THE TASK: For this exercise, repeat each entry exactly as written.

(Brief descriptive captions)

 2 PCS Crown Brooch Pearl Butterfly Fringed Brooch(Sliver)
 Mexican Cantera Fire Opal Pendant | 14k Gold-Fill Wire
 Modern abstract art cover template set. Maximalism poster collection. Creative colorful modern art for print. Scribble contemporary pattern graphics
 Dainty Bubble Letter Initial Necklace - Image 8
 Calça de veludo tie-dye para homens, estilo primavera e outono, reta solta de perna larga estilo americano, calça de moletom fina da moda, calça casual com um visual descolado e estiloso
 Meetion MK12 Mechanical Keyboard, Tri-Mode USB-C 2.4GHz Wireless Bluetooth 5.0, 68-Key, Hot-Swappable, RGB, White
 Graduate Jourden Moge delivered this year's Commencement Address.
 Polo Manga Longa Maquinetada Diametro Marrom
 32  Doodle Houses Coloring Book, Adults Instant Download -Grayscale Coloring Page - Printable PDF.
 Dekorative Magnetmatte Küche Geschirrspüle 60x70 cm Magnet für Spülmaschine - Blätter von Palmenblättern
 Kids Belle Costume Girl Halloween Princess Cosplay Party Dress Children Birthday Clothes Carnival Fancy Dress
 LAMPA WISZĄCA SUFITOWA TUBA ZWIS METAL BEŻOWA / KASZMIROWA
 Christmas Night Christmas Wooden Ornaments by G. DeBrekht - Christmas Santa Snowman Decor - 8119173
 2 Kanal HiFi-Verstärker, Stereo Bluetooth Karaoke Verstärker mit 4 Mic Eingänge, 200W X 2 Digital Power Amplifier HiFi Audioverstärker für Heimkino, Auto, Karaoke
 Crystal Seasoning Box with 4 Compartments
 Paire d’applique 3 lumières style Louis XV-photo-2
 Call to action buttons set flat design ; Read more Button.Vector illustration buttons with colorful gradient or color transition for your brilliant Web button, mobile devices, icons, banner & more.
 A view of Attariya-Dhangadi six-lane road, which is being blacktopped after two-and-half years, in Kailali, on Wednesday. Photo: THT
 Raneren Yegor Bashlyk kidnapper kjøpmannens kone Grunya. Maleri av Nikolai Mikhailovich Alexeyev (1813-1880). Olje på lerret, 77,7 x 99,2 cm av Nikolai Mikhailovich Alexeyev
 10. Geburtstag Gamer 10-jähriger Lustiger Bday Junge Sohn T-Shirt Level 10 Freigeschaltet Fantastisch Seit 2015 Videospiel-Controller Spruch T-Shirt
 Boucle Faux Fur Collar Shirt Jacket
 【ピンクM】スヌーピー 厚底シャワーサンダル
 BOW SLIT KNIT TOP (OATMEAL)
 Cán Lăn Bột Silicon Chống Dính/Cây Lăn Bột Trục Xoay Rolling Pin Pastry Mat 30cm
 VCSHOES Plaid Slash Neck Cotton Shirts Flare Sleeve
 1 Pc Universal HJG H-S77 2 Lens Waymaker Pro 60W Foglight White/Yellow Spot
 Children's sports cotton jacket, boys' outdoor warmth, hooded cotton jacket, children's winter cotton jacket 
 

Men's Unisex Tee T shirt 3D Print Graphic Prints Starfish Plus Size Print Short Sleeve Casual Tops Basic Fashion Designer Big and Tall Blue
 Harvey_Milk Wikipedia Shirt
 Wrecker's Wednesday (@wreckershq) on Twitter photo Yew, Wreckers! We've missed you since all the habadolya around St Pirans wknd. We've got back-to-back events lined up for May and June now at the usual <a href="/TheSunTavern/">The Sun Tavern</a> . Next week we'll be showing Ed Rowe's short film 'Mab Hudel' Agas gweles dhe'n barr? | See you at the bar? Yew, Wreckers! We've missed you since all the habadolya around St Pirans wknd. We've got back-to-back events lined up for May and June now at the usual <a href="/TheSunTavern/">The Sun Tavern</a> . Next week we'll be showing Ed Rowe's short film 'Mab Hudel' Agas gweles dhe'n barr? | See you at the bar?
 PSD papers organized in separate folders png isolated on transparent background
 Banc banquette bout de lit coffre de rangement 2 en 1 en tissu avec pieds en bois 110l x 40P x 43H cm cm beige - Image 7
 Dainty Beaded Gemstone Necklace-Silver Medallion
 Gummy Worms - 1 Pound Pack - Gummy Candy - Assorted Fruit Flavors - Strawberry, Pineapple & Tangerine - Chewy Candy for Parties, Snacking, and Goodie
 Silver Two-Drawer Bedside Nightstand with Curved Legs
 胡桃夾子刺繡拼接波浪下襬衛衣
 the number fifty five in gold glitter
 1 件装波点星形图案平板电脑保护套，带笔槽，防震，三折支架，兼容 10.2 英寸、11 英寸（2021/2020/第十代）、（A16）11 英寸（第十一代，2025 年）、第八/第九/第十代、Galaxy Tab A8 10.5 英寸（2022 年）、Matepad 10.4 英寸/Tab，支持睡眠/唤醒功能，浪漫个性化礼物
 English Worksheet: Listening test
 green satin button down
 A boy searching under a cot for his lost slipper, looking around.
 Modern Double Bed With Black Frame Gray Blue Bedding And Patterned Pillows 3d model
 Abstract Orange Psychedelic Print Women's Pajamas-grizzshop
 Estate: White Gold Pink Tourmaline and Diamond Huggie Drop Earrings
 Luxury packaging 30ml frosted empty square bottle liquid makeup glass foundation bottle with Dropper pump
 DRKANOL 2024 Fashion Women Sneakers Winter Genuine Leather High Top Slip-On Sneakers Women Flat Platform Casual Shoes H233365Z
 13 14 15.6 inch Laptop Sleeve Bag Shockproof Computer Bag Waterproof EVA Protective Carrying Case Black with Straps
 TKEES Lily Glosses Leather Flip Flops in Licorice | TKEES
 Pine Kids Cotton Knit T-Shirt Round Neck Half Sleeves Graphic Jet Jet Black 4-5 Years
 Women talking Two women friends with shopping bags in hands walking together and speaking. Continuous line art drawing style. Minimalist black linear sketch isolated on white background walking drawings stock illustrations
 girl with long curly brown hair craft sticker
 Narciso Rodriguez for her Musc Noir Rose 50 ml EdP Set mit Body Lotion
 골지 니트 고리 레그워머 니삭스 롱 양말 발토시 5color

SOLUTION TO THE EXERCISE:
 2 PCS Crown Brooch Pearl Butterfly Fringed Brooch(Sliver)
 Mexican Cantera Fire Opal Pendant | 14k Gold-Fill Wire
 Modern abstract art cover template set. Maximalism poster collection. Creative colorful modern art for print. Scribble contemporary pattern graphics
 Dainty Bubble Letter Initial Necklace - Image 8
 Calça de veludo tie-dye para homens, estilo primavera e outono, reta solta de perna larga estilo americano, calça de moletom fina da moda, calça casual com um visual descolado e estiloso
 Meetion MK12 Mechanical Keyboard, Tri-Mode USB-C 2.4GHz Wireless Bluetooth 5.0, 68-Key, Hot-Swappable, RGB, White
 Graduate Jourden Moge delivered this year's Commencement Address.
 Polo Manga Longa Maquinetada Diametro Marrom
 32  Doodle Houses Coloring Book, Adults Instant Download -Grayscale Coloring Page - Printable PDF.
 Dekorative Magnetmatte Küche Geschirrspüle 60x70 cm Magnet für Spülmaschine - Blätter von Palmenblättern
 Kids Belle Costume Girl Halloween Princess Cosplay Party Dress Children Birthday Clothes Carnival Fancy Dress
 LAMPA WISZĄCA SUFITOWA TUBA ZWIS METAL BEŻOWA / KASZMIROWA
 Christmas Night Christmas Wooden Ornaments by G. DeBrekht - Christmas Santa Snowman Decor - 8119173
 2 Kanal HiFi-Verstärker, Stereo Bluetooth Karaoke Verstärker mit 4 Mic Eingänge, 200W X 2 Digital Power Amplifier HiFi Audioverstärker für Heimkino, Auto, Karaoke
 Crystal Seasoning Box with 4 Compartments
 Paire d’applique 3 lumières style Louis XV-photo-2
 Call to action buttons set flat design ; Read more Button.Vector illustration buttons with colorful gradient or color transition for your brilliant Web button, mobile devices, icons, banner & more.
 A view of Attariya-Dhangadi six-lane road, which is being blacktopped after two-and-half years, in Kailali, on Wednesday. Photo: THT
 Raneren Yegor Bashlyk kidnapper kjøpmannens kone Grunya. Maleri av Nikolai Mikhailovich Alexeyev (1813-1880). Olje på lerret, 77,7 x 99,2 cm av Nikolai Mikhailovich Alexeyev
 10. Geburtstag Gamer 10-jähriger Lustiger Bday Junge Sohn T-Shirt Level 10 Freigeschaltet Fantastisch Seit 2015 Videospiel-Controller Spruch T-Shirt
 Boucle Faux Fur Collar Shirt Jacket
 【ピンクM】スヌーピー 厚底シャワーサンダル
 BOW SLIT KNIT TOP (OATMEAL)
 Cán Lăn Bột Silicon Chống Dính/Cây Lăn Bột Trục Xoay Rolling Pin Pastry Mat 30cm
 VCSHOES Plaid Slash Neck Cotton Shirts Flare Sleeve
 1 Pc Universal HJG H-S77 2 Lens Waymaker Pro 60W Foglight White/Yellow Spot
 Children's sports cotton jacket, boys' outdoor warmth, hooded cotton jacket, children's winter cotton jacket 
 

Men's Unisex Tee T shirt 3D Print Graphic Prints Starfish Plus Size Print Short Sleeve Casual Tops Basic Fashion Designer Big and Tall Blue
 Harvey_Milk Wikipedia Shirt
 Wrecker's Wednesday (@wreckershq) on Twitter photo Yew, Wreckers! We've missed you since all the habadolya around St Pirans wknd. We've got back-to-back events lined up for May and June now at the usual <a href="/TheSunTavern/">The Sun Tavern</a> . Next week we'll be showing Ed Rowe's short film 'Mab Hudel' Agas gweles dhe'n barr? | See you at the bar? Yew, Wreckers! We've missed you since all the habadolya around St Pirans wknd. We've got back-to-back events lined up for May and June now at the usual <a href="/TheSunTavern/">The Sun Tavern</a> . Next week we'll be showing Ed Rowe's short film 'Mab Hudel' Agas gweles dhe'n barr? | See you at the bar?
 PSD papers organized in separate folders png isolated on transparent background
 Banc banquette bout de lit coffre de rangement 2 en 1 en tissu avec pieds en bois 110l x 40P x 43H cm cm beige - Image 7
 Dainty Beaded Gemstone Necklace-Silver Medallion
 Gummy Worms - 1 Pound Pack - Gummy Candy - Assorted Fruit Flavors - Strawberry, Pineapple & Tangerine - Chewy Candy for Parties, Snacking, and Goodie
 Silver Two-Drawer Bedside Nightstand with Curved Legs
 胡桃夾子刺繡拼接波浪下襬衛衣
 the number fifty five in gold glitter
 1 件装波点星形图案平板电脑保护套，带笔槽，防震，三折支架，兼容 10.2 英寸、11 英寸（2021/2020/第十代）、（A16）11 英寸（第十一代，2025 年）、第八/第九/第十代、Galaxy Tab A8 10.5 英寸（2022 年）、Matepad 10.4 英寸/Tab，支持睡眠/唤醒功能，浪漫个性化礼物
 English Worksheet: Listening test
 green satin button down
 A boy searching under a cot for his lost slipper, looking around.
 Modern Double Bed With Black Frame Gray Blue Bedding And Patterned Pillows 3d model
 Abstract Orange Psychedelic Print Women's Pajamas-grizzshop
 Estate: White Gold Pink Tourmaline and Diamond Huggie Drop Earrings
 Luxury packaging 30ml frosted empty square bottle liquid makeup glass foundation bottle with Dropper pump
 DRKANOL 2024 Fashion Women Sneakers Winter Genuine Leather High Top Slip-On Sneakers Women Flat Platform Casual Shoes H233365Z
 13 14 15.6 inch Laptop Sleeve Bag Shockproof Computer Bag Waterproof EVA Protective Carrying Case Black with Straps
 TKEES Lily Glosses Leather Flip Flops in Licorice | TKEES
 Pine Kids Cotton Knit T-Shirt Round Neck Half Sleeves Graphic Jet Jet Black 4-5 Years
 Women talking Two women friends with shopping bags in hands walking together and speaking. Continuous line art drawing style. Minimalist black linear sketch isolated on white background walking drawings stock illustrations
 girl with long curly brown hair craft sticker
 Narciso Rodriguez for her Musc Noir Rose 50 ml EdP Set mit Body Lotion
 골지 니트 고리 레그워머 니삭스 롱 양말 발토시 5color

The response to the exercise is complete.